Information supplied START

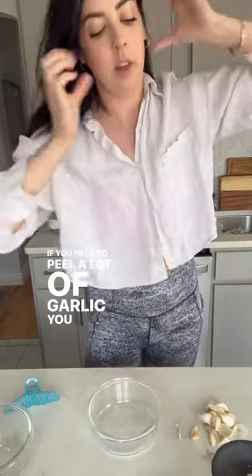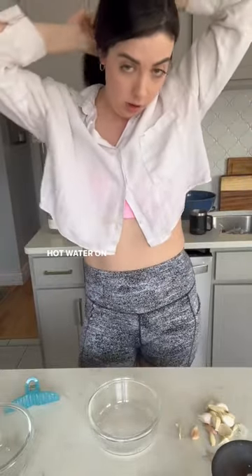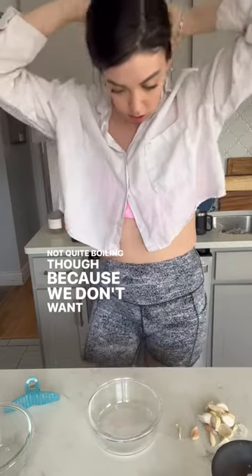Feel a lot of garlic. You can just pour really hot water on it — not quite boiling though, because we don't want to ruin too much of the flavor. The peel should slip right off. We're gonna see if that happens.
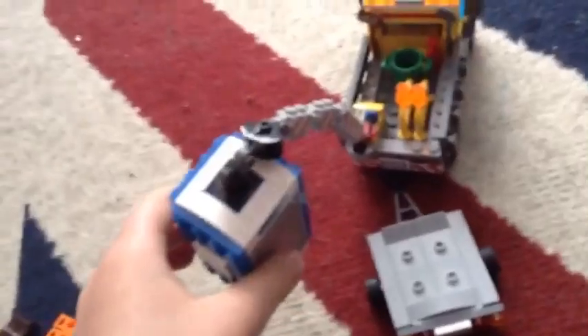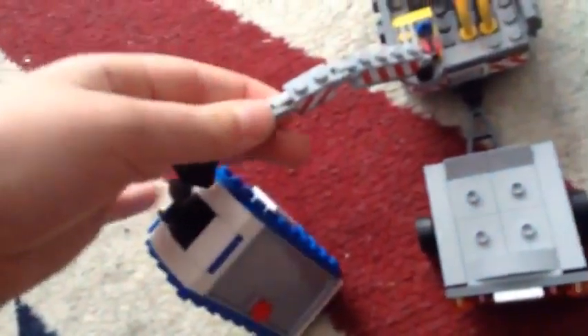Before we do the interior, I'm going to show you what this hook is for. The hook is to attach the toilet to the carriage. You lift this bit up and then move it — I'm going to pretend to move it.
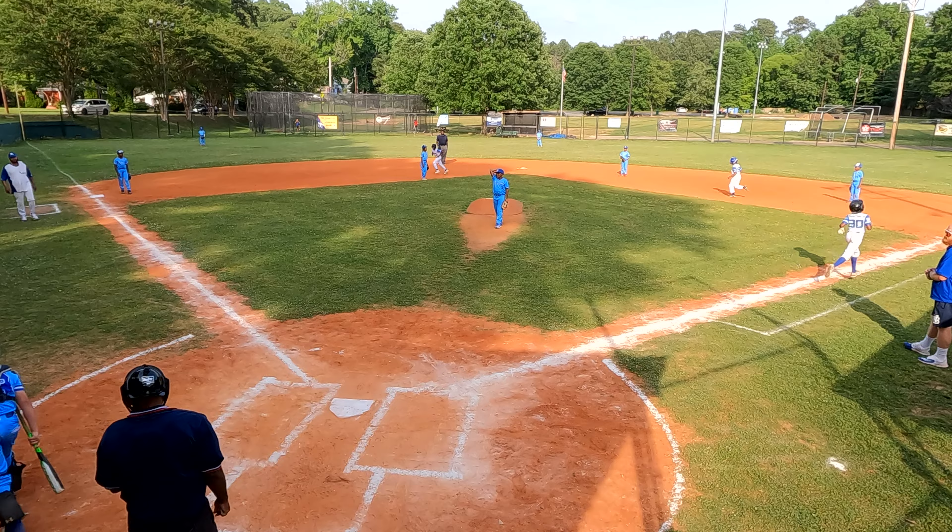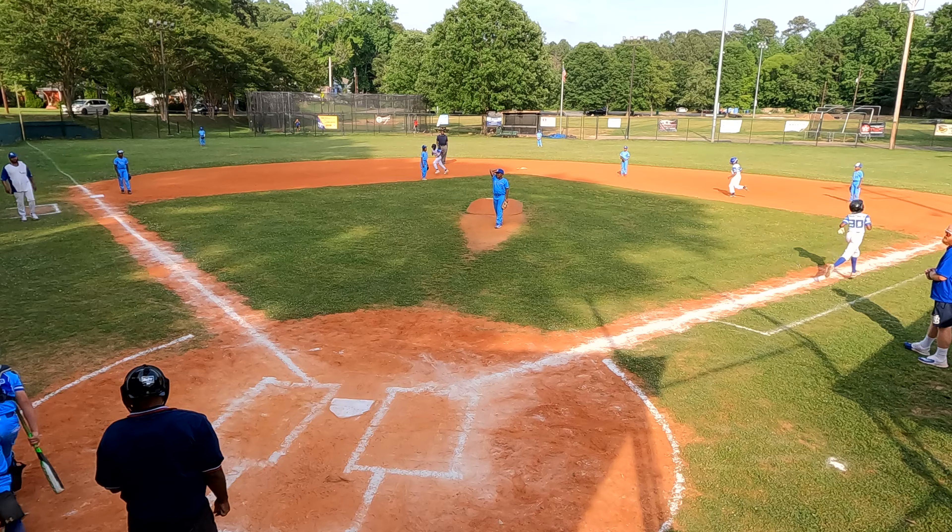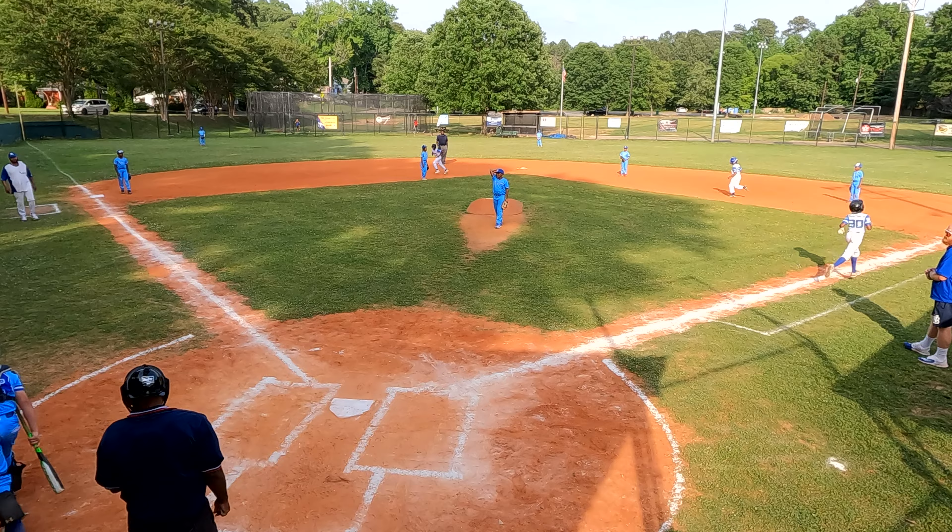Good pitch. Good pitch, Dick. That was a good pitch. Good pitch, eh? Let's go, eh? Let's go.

Information supplied END

What this task involves: Leave out the pictures, and please output only the lines from the line that contains "Before we do" through the end of the data, both ends included.

Result below:
Before we do the interior, I'm going to show you what this hook is for. The hook is to attach the toilet to the carriage. You lift this bit up and then move it — I'm going to pretend to move it.
Good pitch. Good pitch, Dick. That was a good pitch. Good pitch, eh? Let's go, eh? Let's go.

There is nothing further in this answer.